By Brian M. Arrigo
During the recent months we have experienced two dramatic events that undoubtedly will be forever characterized as pivotal moments of modern history: the Covid-19 pandemic, and the demonstrations that have been staged across the nation in reaction to the death of a Black man in police custody in Minneapolis.
Though the two events are unrelated, each can impart lessons about unity, and its value to our community’s well-being and to society as a whole.
Human nature drives us to react to a common sense of threat or injustice. And when we channel our reactions toward a unified objective, we can witness beneficial results.
When Covid-19 crawled into our consciousness, we quickly perceived the menace as it frightened us, sickened our families and claimed the lives of so many of our most vulnerable people.
In response, the public acted together for the good of others. The proverb “Unity is Strength” was personified as the people of our widely diverse city merged as volunteers and essential workers to maintain the community’s foundation and minister to those in need. It took courage and stamina, but the universal objective of caring for each other was the ultimate motivation.

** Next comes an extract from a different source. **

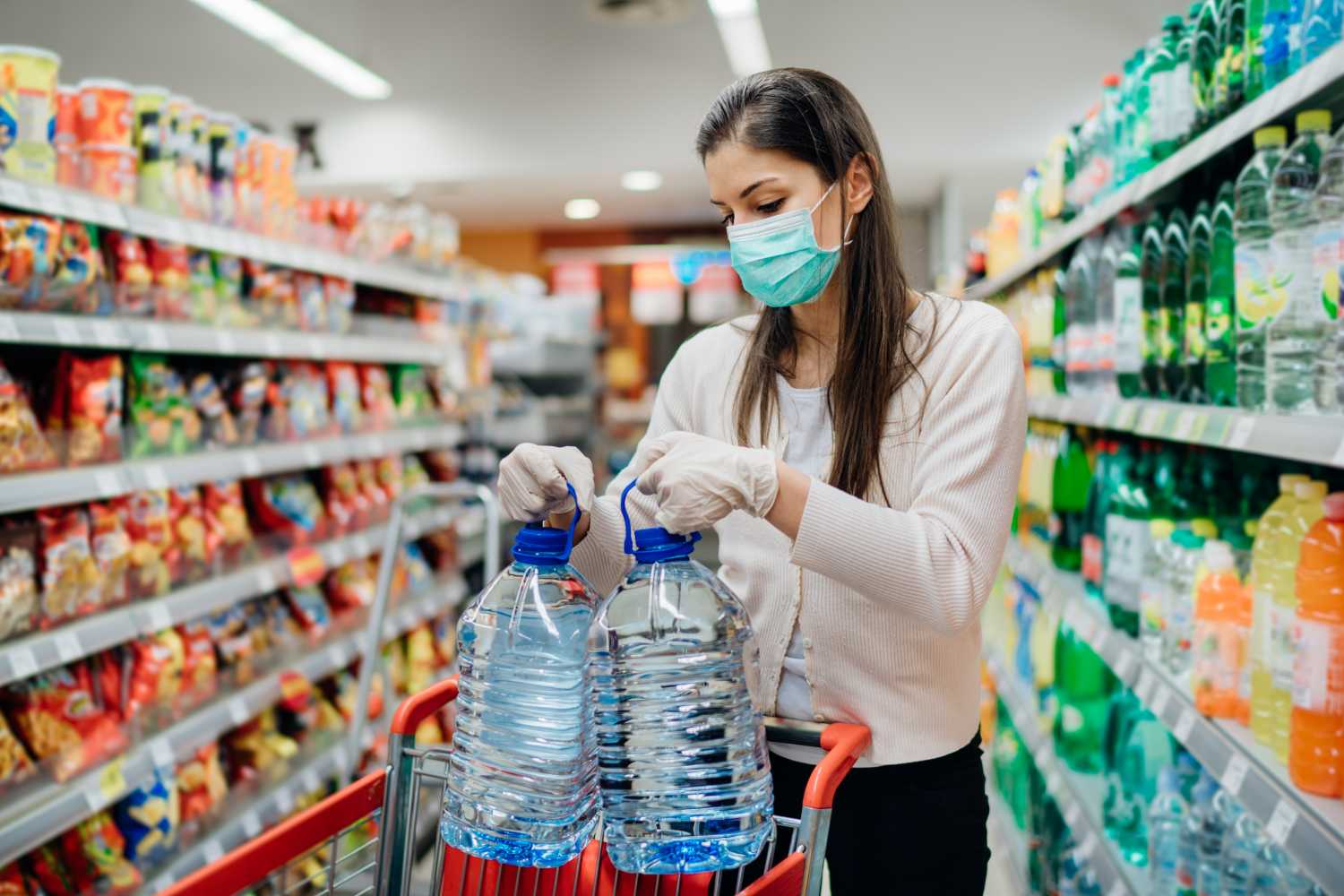 Buyer wearing a protective mask.Shopping during the pandemic.Emergency to buy list.Water supplies shortage.Panic buying during coronavirus outbreak.Preparation for a pandemic quarantine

The collective power of all our efforts staved off a greater health catastrophe. Today, cautiously and still working together, our lives have taken a step toward recovery. Our constant awareness of Covid-19, linked with our continued spirit to care for each other, will help us dodge its peril.
Injustice, in the form of racism, violence and exclusion, is an analogous menace. It tears at our fundamental existence as human beings living in one environment. It endangers the innocent and the vulnerable and seeds despair and fear.

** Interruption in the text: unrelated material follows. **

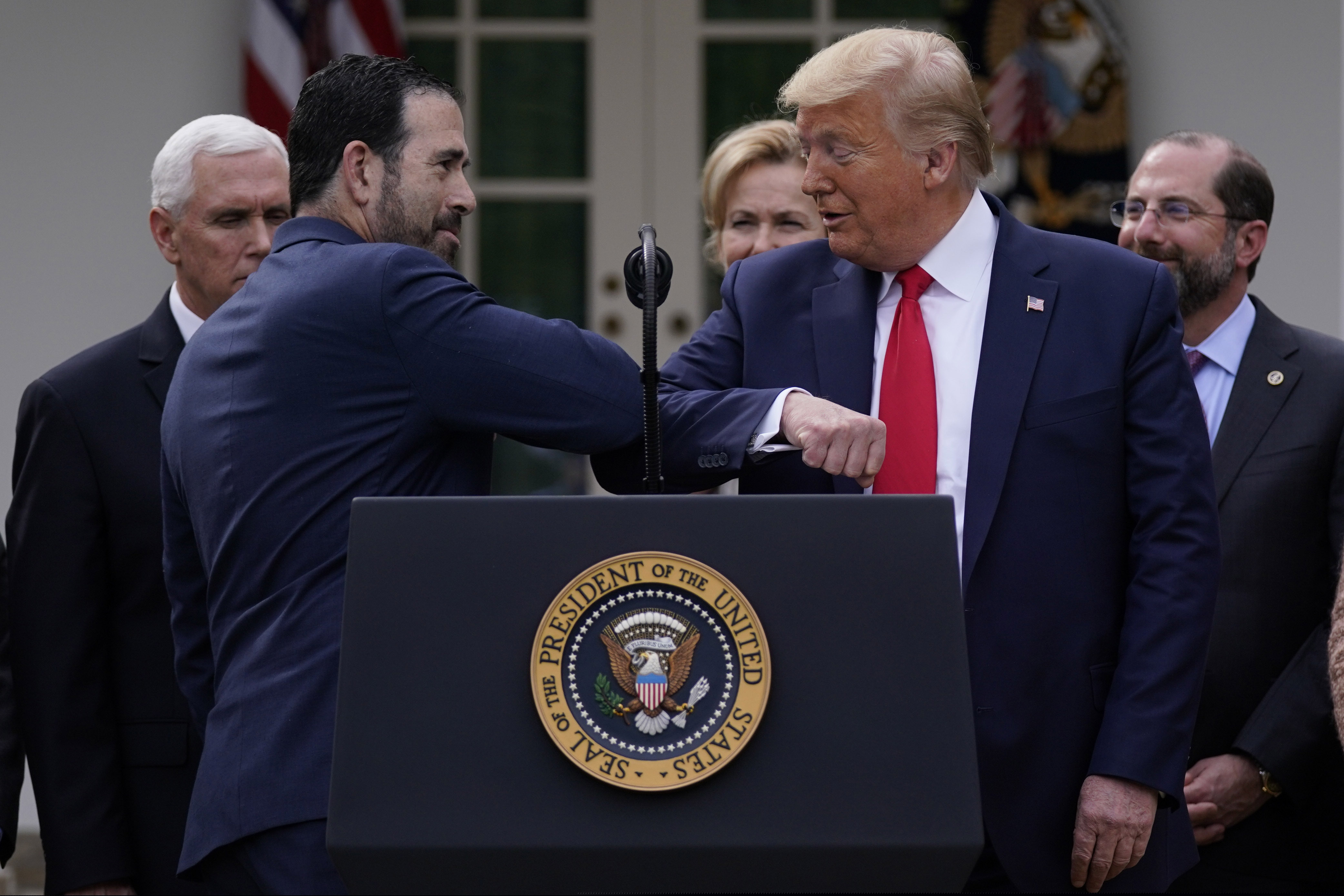 (Evan Vucci | AP) LHC Group’s Bruce Greenstein elbow bumps with President Donald Trump during a news conference about the coronavirus in the Rose Garden at the White House, Friday, March 13, 2020, in Washington.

Against this threat, also, we must act together, unified against that which sickens us and claims the life of too many.
We mourn the sad truth that it took George Floyd’s death to spur the unified social activism that we pray will symbolize the value of life and lead to the reforms that will strengthen us as a nation. This is our societal crucible, and while we tremble at the pain and havoc that erupts from injustice, we are fully conscious of the good that can grow from unity and action. Without unified action, we risk societal catastrophe.
Former President Barack Obama, commenting on the demonstrators last week, commented that “the overwhelming majority of participants have been peaceful, courageous, responsible, and inspiring [and] deserve our respect and support.”
Fighting injustice, the demonstrators have taken the same tactic as their friends and neighbors who fought against that other insidious disease afflicting our nation. Every one of them has acted in unity, determined as ever to protect their brothers and sisters from danger.
Against disease, against injustice, against any anguish, Unity is strength, and it is also our greatest hope.
Brian Arrigo is Mayor of the City of Revere.